Train your kids to do homework without arguing! May 14, 2007Posted by edukfun in add, adhd, attention deficit hyperactivity disorder, attention training, challenged, children, concentration, discipline, education, ld, learning disability, parenting, school, underachieve, video games.
This article will, hopefully, shed some light on why homework may be necessary and provide you with some tools to motivate your kids to knuckle-down and get the job done. Without threats or bribes. Eventually.
Sometimes kids, especially kids with attentional issues or a learning disability, just won’t do homework.
It’s a national issue here in the U.S. Homework is supposed to facilitate mastery of new information and skills; all too often it becomes a focal point for power struggles at home. Many teachers have given up assigning much or even any homework, secure in the knowledge that fewer than 25% (made up statistic) of their students will actually follow through. Some parents, pressed to find any quality time with their kids, also want homework loads to be reduced or eliminated.
What good is homework, anyway?
After all, if homework isn’t good for anything then we should definitely eliminate it. The good (and bad) news is that when homework is appropriately assigned, it is vital for learning and development. Here are a few benefits of appropriate homework.
- Skill Mastery. New skills, especially in math and critical thinking, require practice to achieve mastery. There is not normally enough time during the school day for students to obtain all the practice they need. Once they “get it” in the classroom, they need independent practice to cement new learning.
- Supplementary Skill Development. Some skills that are taught in school are vital for real life, but are not part of the official curriculum. Internet research or practicing a speech (without peer commentary) are valuable skills that aren’t always practical or possible to spend time on during the school day.
- Self-Discipline. This is a vital skill for all students and especially for those with Attention Deficit Hyperactivity Disorder (ADHD or ADD) or learning disabilities. Students simply must learn how to manage their time, work on their own, and accomplish lengthy, multi-step projects. Getting their homework done and on time is a great tool to practice this skill set.
Let’s make this perfectly clear: if a child does not obtain the self-discipline to complete homework consistently and on time, that child will struggle in their adult life.
Why don’t kids want to do their homework?
C’mon, are you really asking that?
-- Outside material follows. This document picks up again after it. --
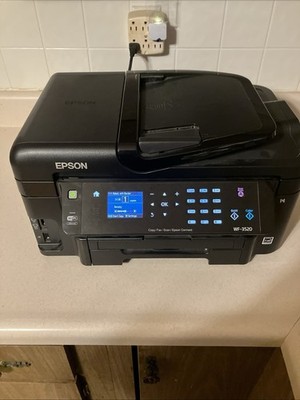 Epson Workforce WF-2850 Wireless Color Printer with Scanner and Copier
Some people enjoy learning and homework. Most people prefer “fun” activities. There are so many high-stimulation, low-cognitive-cost activities competing for kids’ time that homework is easily brushed aside. Television, internet, MySpace, text messaging, telephone, video games, you name it! Nobody is marketing homework. There is no California industry pushing Algebra; millions are spent pushing American Idol. You can’t expect kids, who are new to the world and susceptible to marketing influences, to make rational, adult decisions. The deck is stacked against them.
How can you get your kids to do their homework without a fight?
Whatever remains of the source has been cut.